#### Exercise
Please copy exactly the part of the records below that opens with the line containing "Hey everyone, welcome" and closes with the line containing "If I want to", leaving out any pictures.

#### Data to examine
=== Begin Enclosure ===

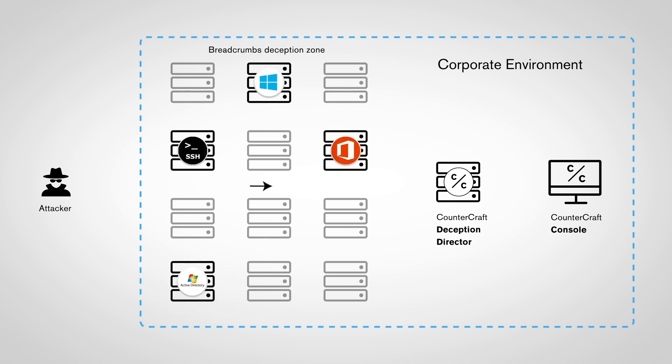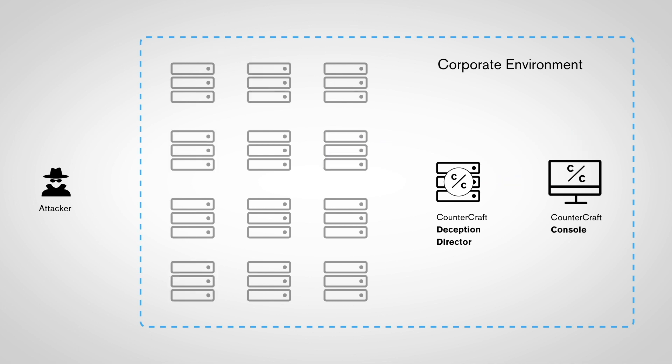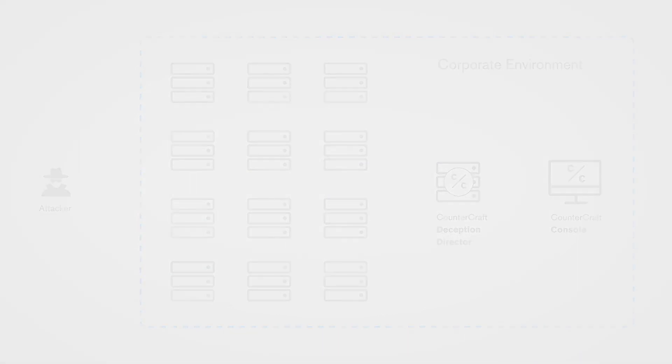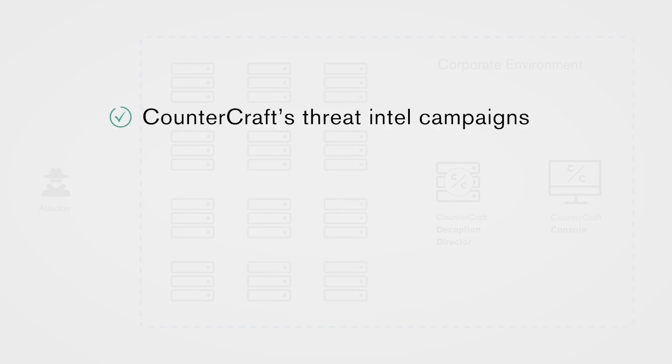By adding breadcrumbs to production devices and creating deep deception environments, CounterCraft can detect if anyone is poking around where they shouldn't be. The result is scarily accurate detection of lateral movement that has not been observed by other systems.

=== End Enclosure ===
=== Begin Enclosure ===

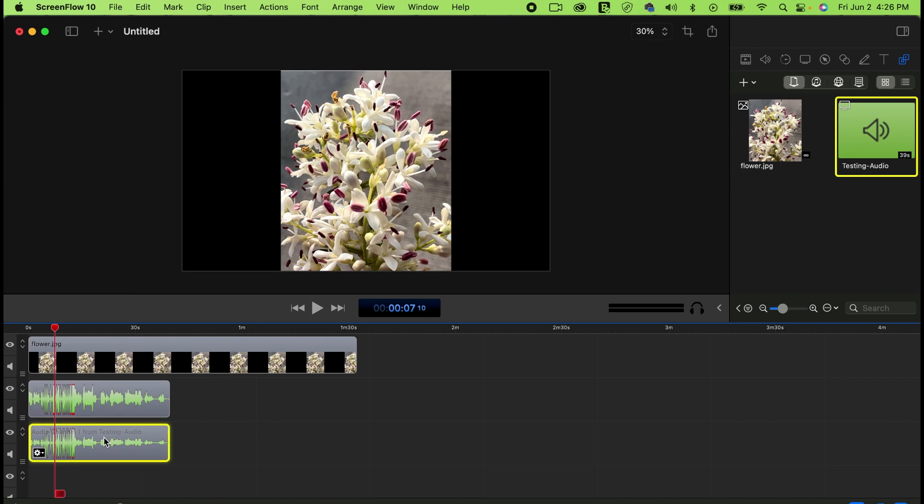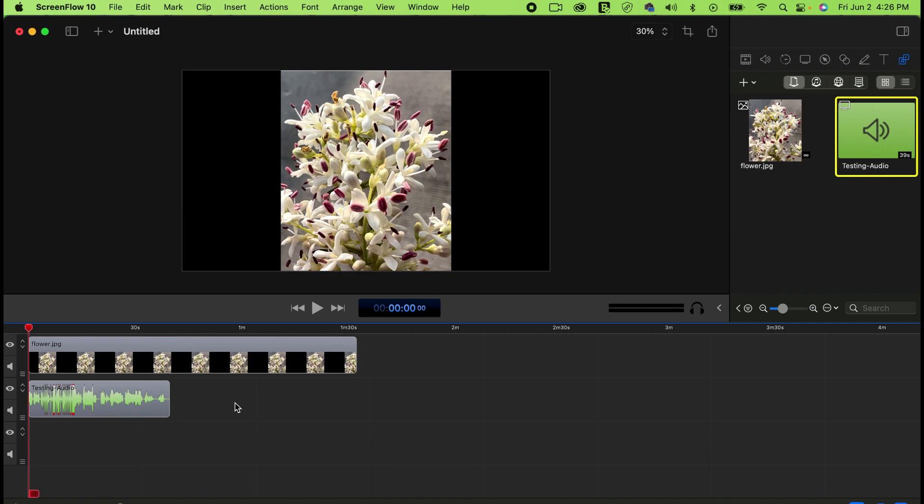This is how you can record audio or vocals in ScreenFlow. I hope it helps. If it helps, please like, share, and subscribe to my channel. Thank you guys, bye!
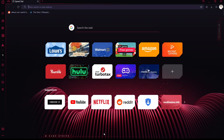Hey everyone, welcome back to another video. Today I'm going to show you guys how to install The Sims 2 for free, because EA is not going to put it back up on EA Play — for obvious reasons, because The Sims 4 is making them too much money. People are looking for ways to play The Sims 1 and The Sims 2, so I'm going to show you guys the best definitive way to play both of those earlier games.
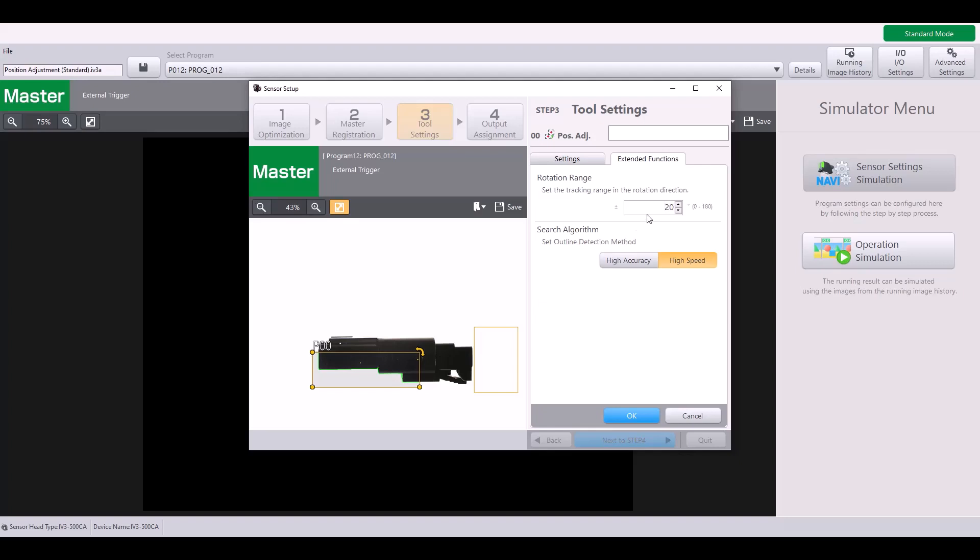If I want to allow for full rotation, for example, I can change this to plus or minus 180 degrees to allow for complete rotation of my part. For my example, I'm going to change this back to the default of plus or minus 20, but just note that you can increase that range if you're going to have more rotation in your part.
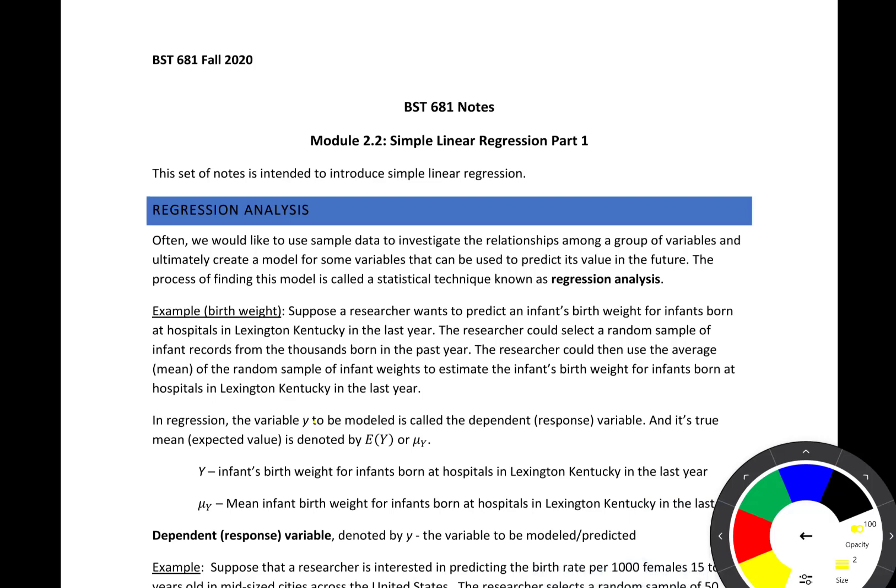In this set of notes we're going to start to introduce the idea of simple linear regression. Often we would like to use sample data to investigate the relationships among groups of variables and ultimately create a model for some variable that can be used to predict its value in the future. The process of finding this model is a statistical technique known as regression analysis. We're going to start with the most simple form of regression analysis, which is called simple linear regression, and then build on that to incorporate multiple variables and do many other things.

=== End Enclosure ===
=== Begin Enclosure ===

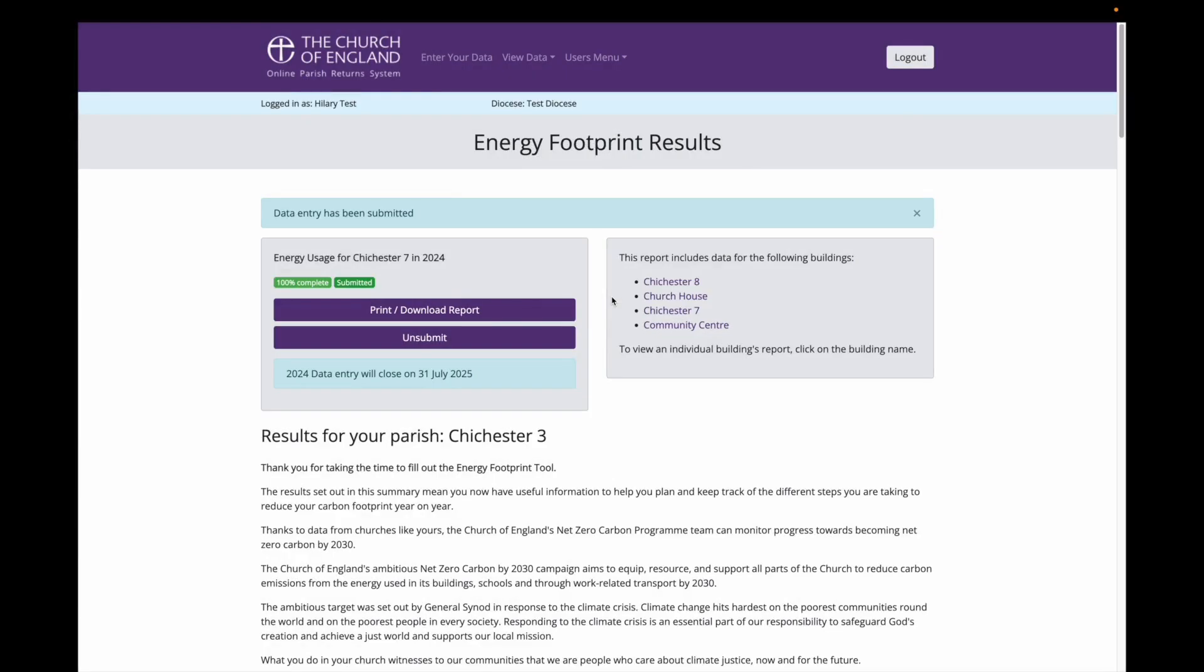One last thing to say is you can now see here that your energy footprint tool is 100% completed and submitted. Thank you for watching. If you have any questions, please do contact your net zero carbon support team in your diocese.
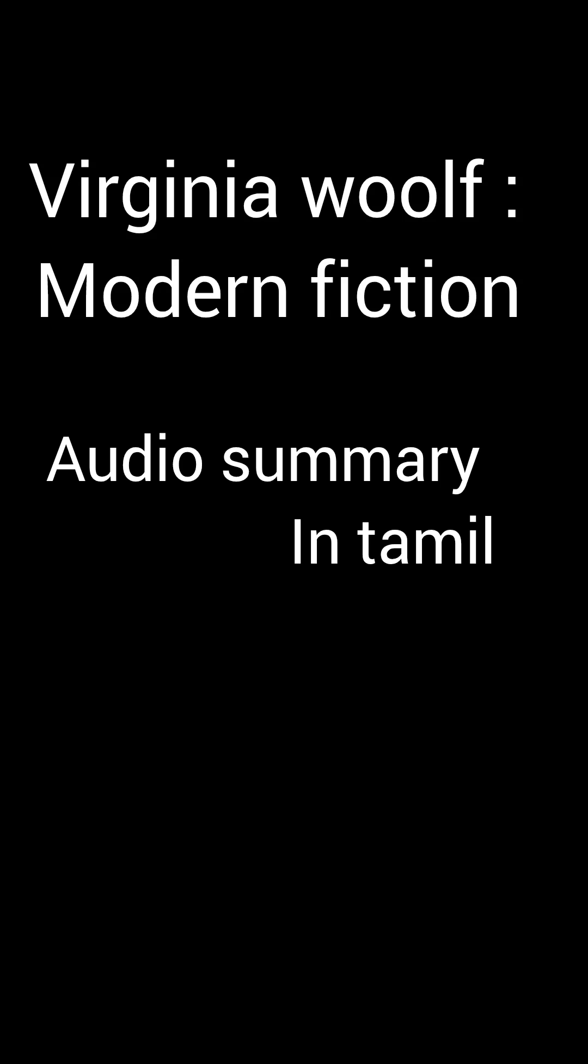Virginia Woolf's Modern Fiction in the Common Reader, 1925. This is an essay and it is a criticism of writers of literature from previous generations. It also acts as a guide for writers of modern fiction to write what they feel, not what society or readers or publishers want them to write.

=== End Enclosure ===

#### The answer
Hey everyone, welcome back to another video. Today I'm going to show you guys how to install The Sims 2 for free, because EA is not going to put it back up on EA Play — for obvious reasons, because The Sims 4 is making them too much money. People are looking for ways to play The Sims 1 and The Sims 2, so I'm going to show you guys the best definitive way to play both of those earlier games.
If I want to allow for full rotation, for example, I can change this to plus or minus 180 degrees to allow for complete rotation of my part. For my example, I'm going to change this back to the default of plus or minus 20, but just note that you can increase that range if you're going to have more rotation in your part.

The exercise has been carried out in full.